The pathway to a successful 360 survey can take several different possible routes. Below are several options to consider as you plan your 360.
- How should the names of the feedback providers be gathered? We recommend that participants enter the names and email addresses of their feedback providers directly into the website, since this helps distribute the workload across all participants. Not only that, but using the website can increase the chances that email addresses are entered correctly, and that participants are aware of the number of raters that are required in each category. Alternatively, you could gather the names prior to the survey launch in an internal process using a spreadsheet or other document. However, this approach is not our recommended option—it requires more work on your side, and there is a greater possibility for incorrect information to come through.

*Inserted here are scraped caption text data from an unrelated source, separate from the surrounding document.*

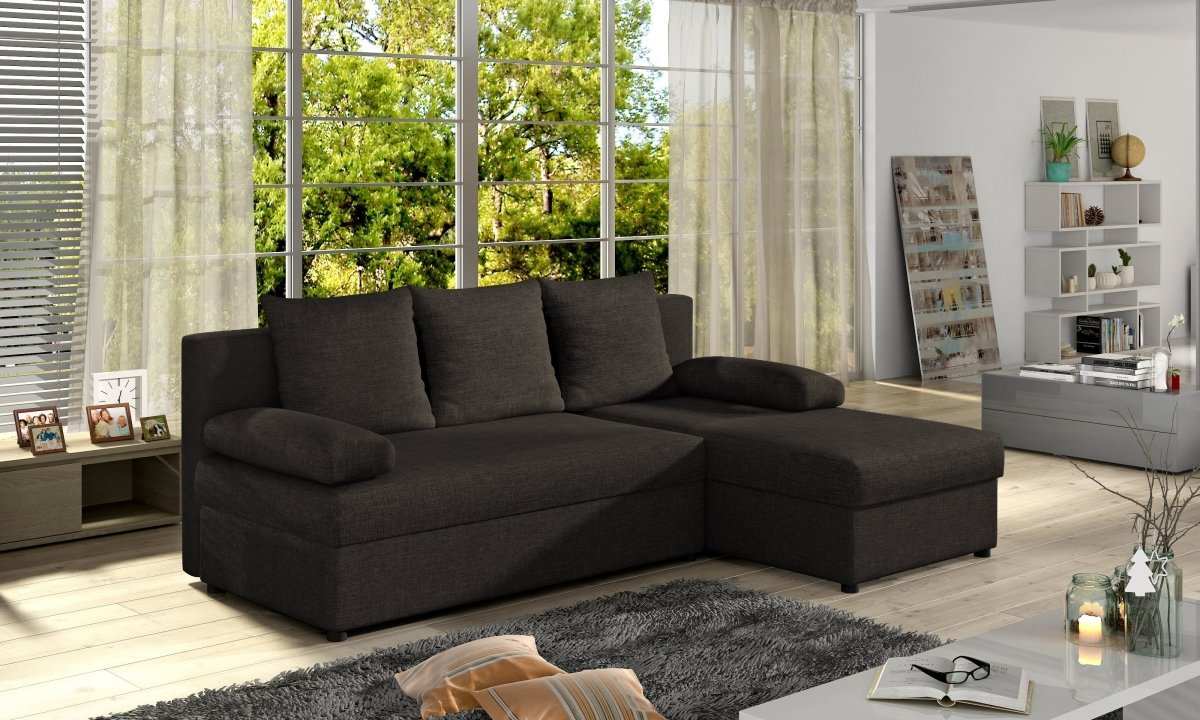 Designer Sofa Gino mit Stauraum und Schlaffunktion - Luxusbetten24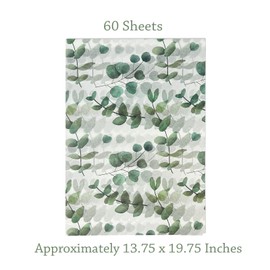 allydrew Eucalyptus Tissue Paper 13.75 x 19.75 Inch for Gift Wrapping, Arts & Crafts (60 Sheets)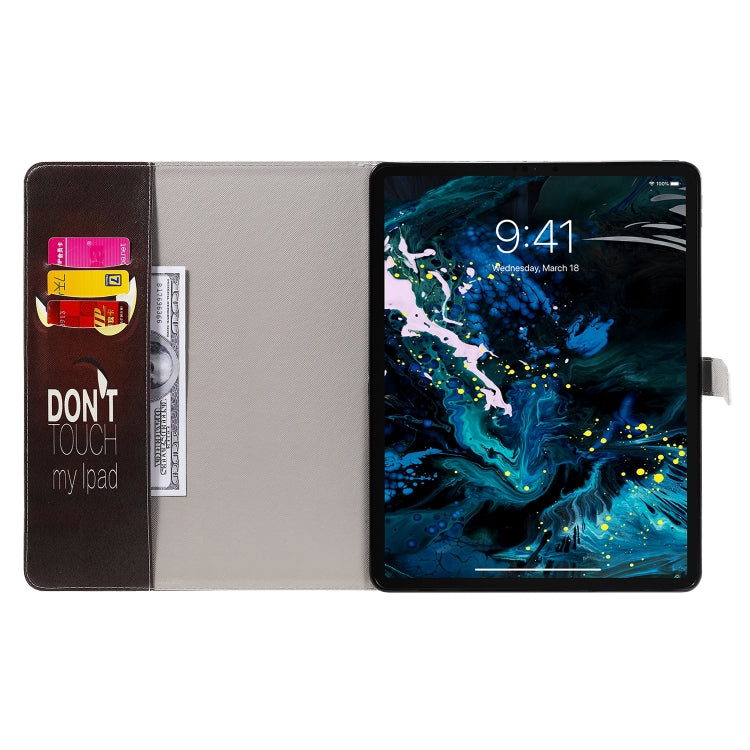 For iPad Pro 12.9 (2020) Colored Drawing Horizontal Flip Leather Tablet Case with Holder & Card Slot & Wallet(Eye) - iPad Pro 12.9 (2020) Cases by buy2fix | Online Shopping UK | buy2fix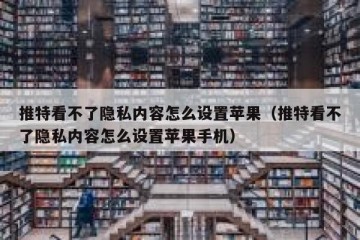 推特看不了隐私内容怎么设置苹果（推特看不了隐私内容怎么设置苹果手机）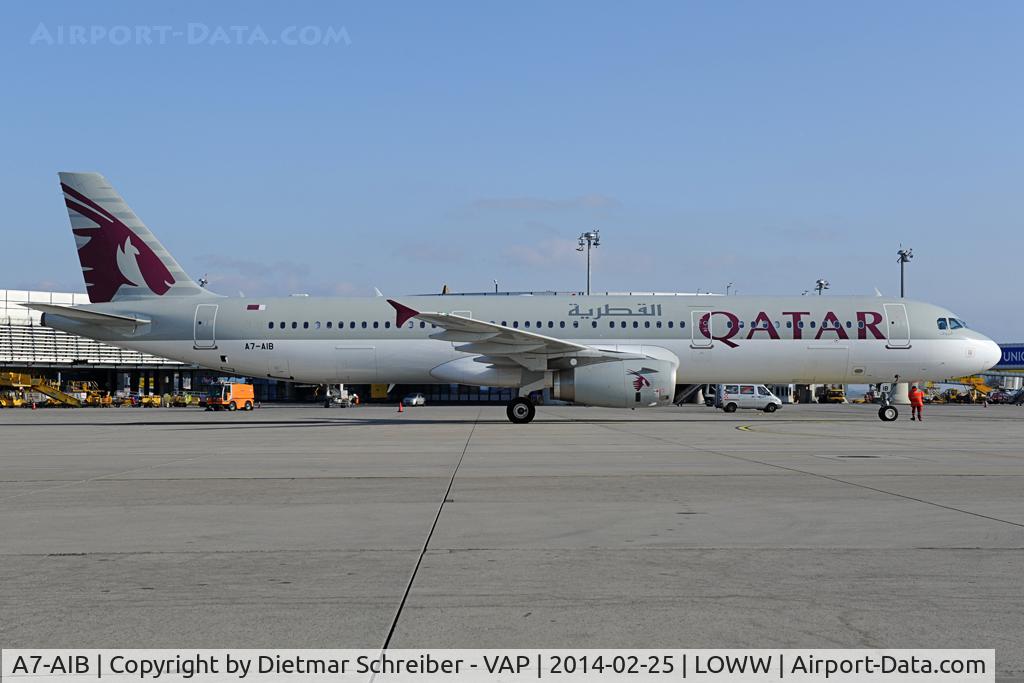 A7-AIB, 2010 Airbus A321-231 C/N 4382, Qatar Airways Airbus 321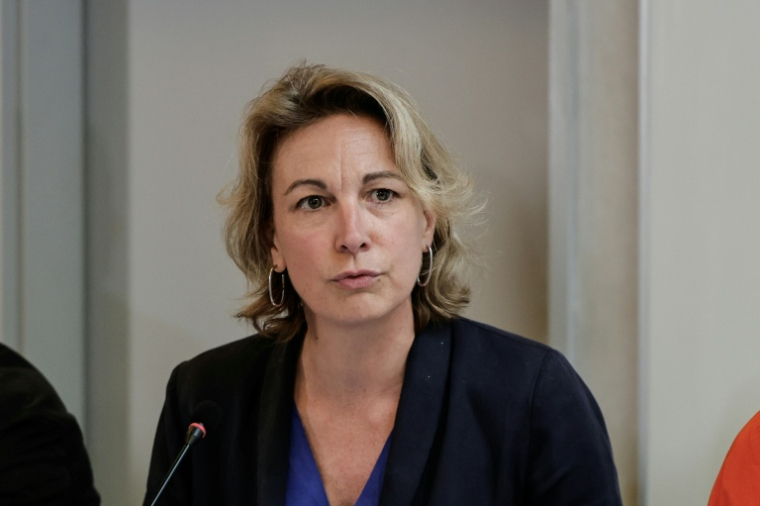 Marylise Leon, secrétaire générale de la CFDT, à Paris le 29 août 2025 ( AFP / STEPHANE DE SAKUTIN )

- Do you want the lists of feedback providers to be reviewed by someone before the respondents are invited to give their feedback? Having the lists reviewed helps to ensure that there is a wide selection of feedback providers for each participant and that no one has “stacked the deck” to solicit feedback only from admirers. There can be either a centralized or distributed approach to this process. For example, an HR business partner might be the one to review all submitted lists in a centralized way. Alternatively, each participant might be asked to have a conversation with their manager to review the list and get the manager’s approval. This distributed approach has the benefit of sharing the workload, and it also helps managers feel more involved in the 360 process.
Post-survey Conversations and Follow-up
Once the survey has finished and participants have received their feedback reports, it is important to continue the feedback conversation. This can be done through a series of “nudges” to help them over a period of weeks and months after the survey closes.
Another important part of the process is to conduct a follow-up survey. This is a lightweight survey, conducted 7-9 months after the first survey, which typically focuses on just a handful of items that the participant has been working on.
The Smooth, Efficient Process
By taking the time to plan out your 360-degree feedback process, you will ensure that your participants and their feedback providers have a smooth experience that will not be too much of a burden on any single individual. The participants will receive feedback that they can act on as they work to become better professionals, and you will be on your way to a better company!